==== Entries provided ====

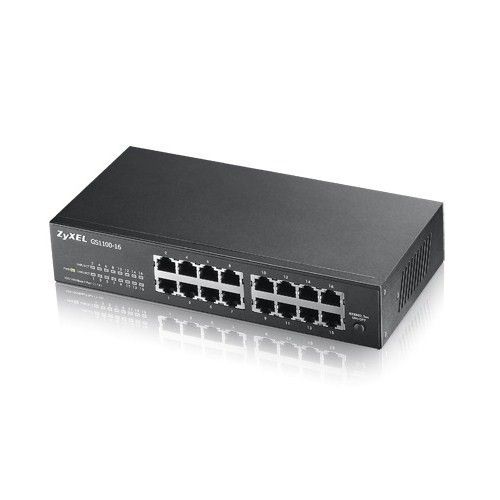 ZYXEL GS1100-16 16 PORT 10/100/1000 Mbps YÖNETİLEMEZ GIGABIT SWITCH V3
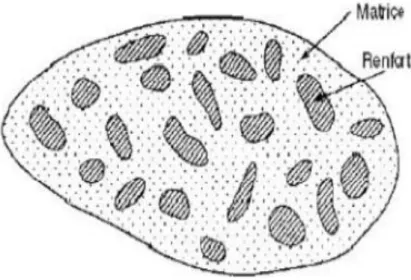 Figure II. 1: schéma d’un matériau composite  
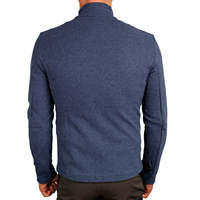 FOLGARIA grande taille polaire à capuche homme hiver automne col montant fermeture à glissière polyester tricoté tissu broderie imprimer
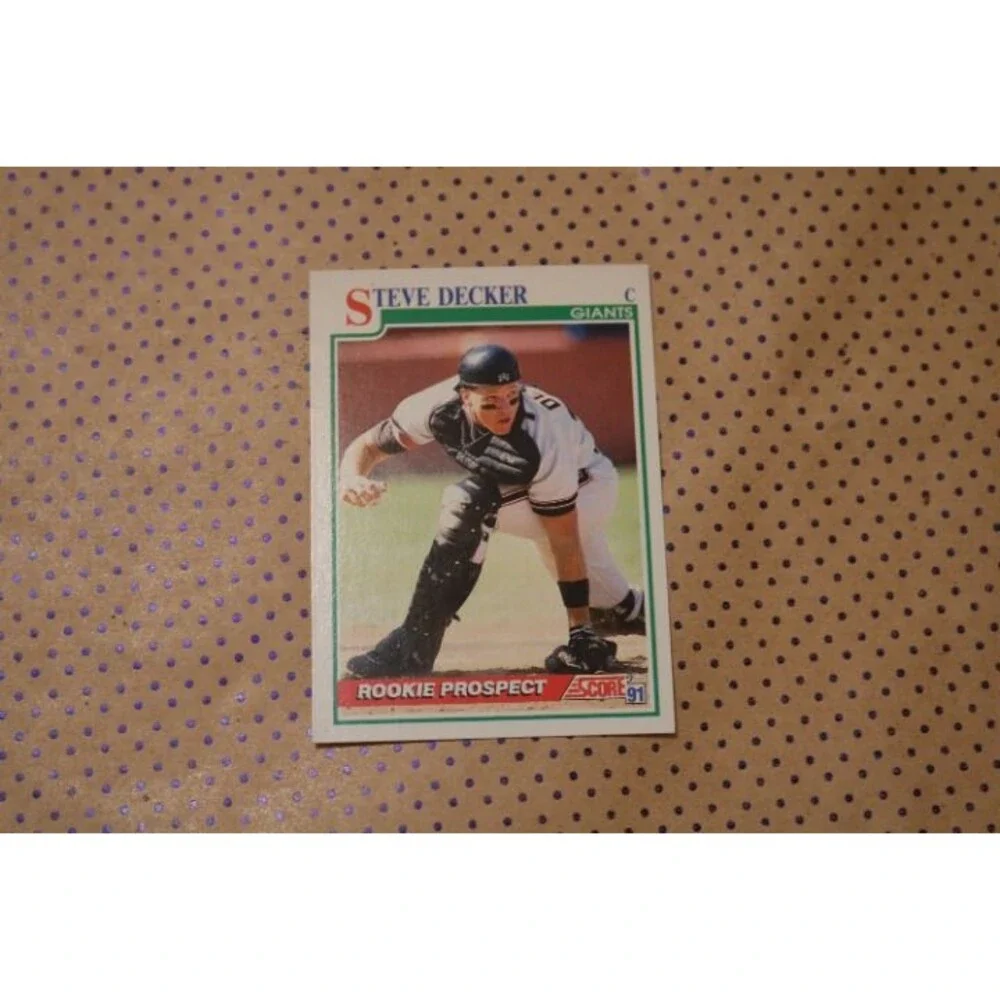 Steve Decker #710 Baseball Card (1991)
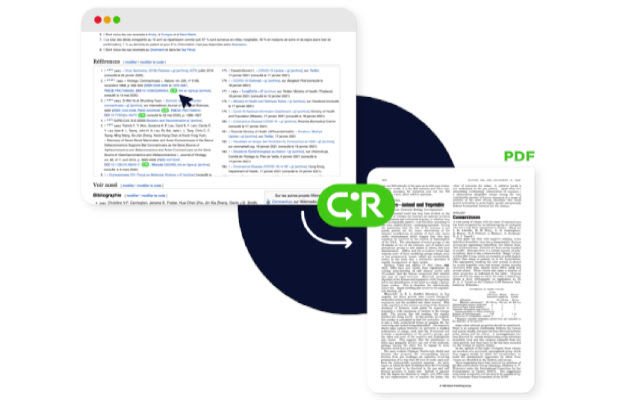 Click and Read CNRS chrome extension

====
==== Entries provided ====

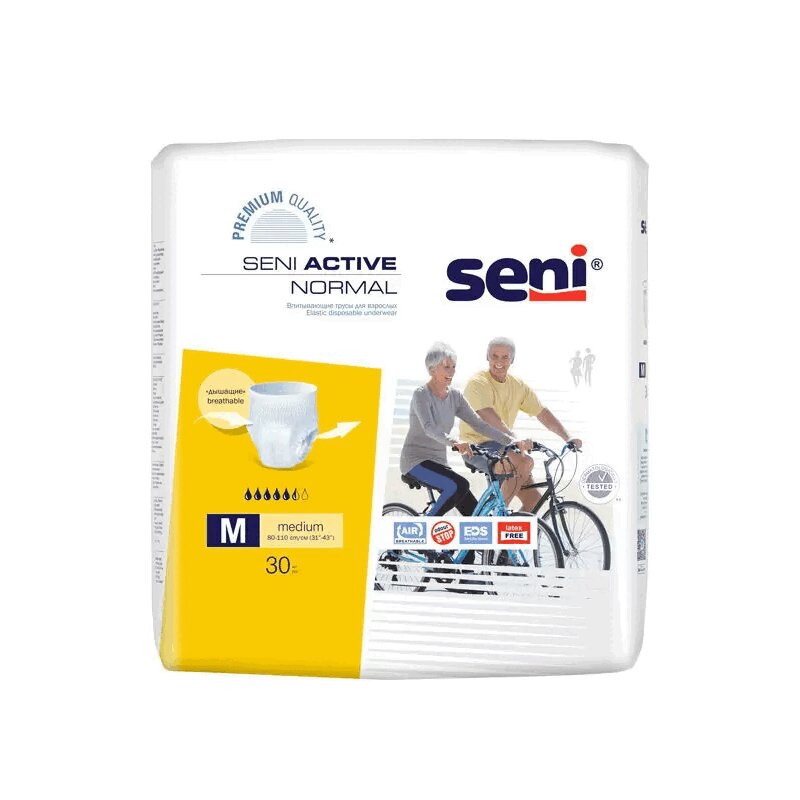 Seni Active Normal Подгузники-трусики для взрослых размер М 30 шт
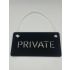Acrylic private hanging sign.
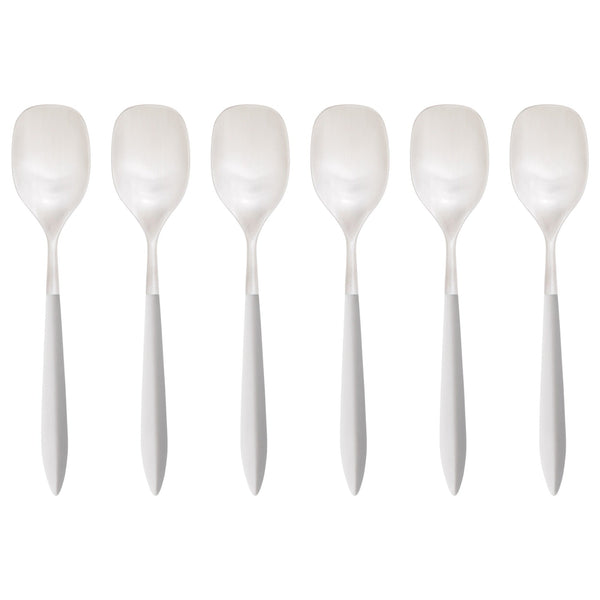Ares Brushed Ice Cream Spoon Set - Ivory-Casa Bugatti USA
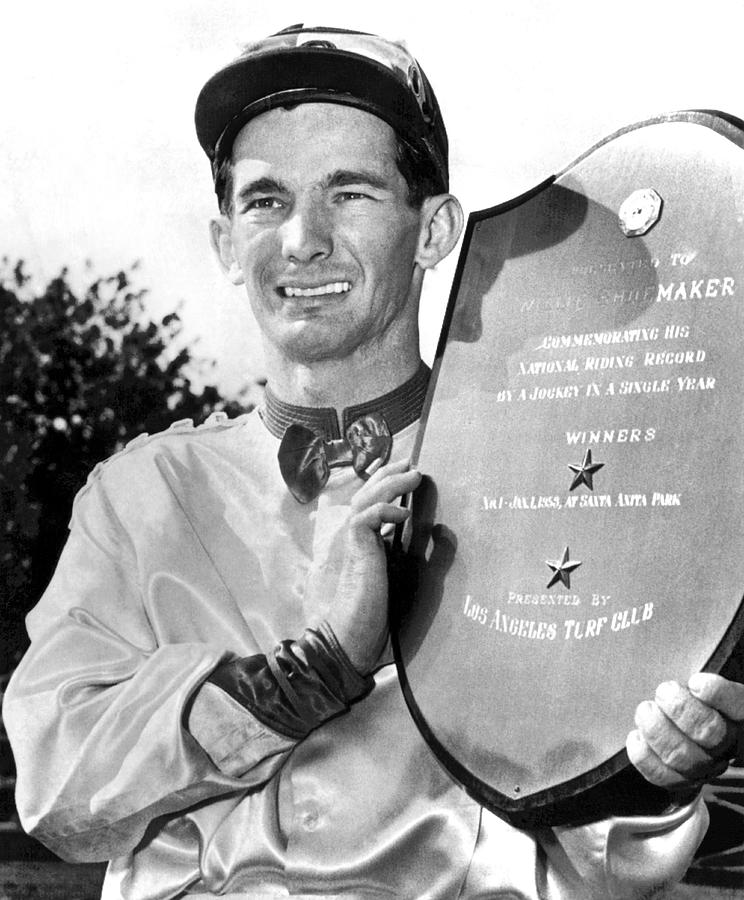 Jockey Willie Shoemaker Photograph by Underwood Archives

====

When you reach the line that has "Steve Decker #710 Baseball Card (1991)" in the data above, start repeating lines exactly, and stop after the line that has "Click and Read CNRS chrome extension"; pictures stay out.

#### Reply
 Steve Decker #710 Baseball Card (1991)
 Click and Read CNRS chrome extension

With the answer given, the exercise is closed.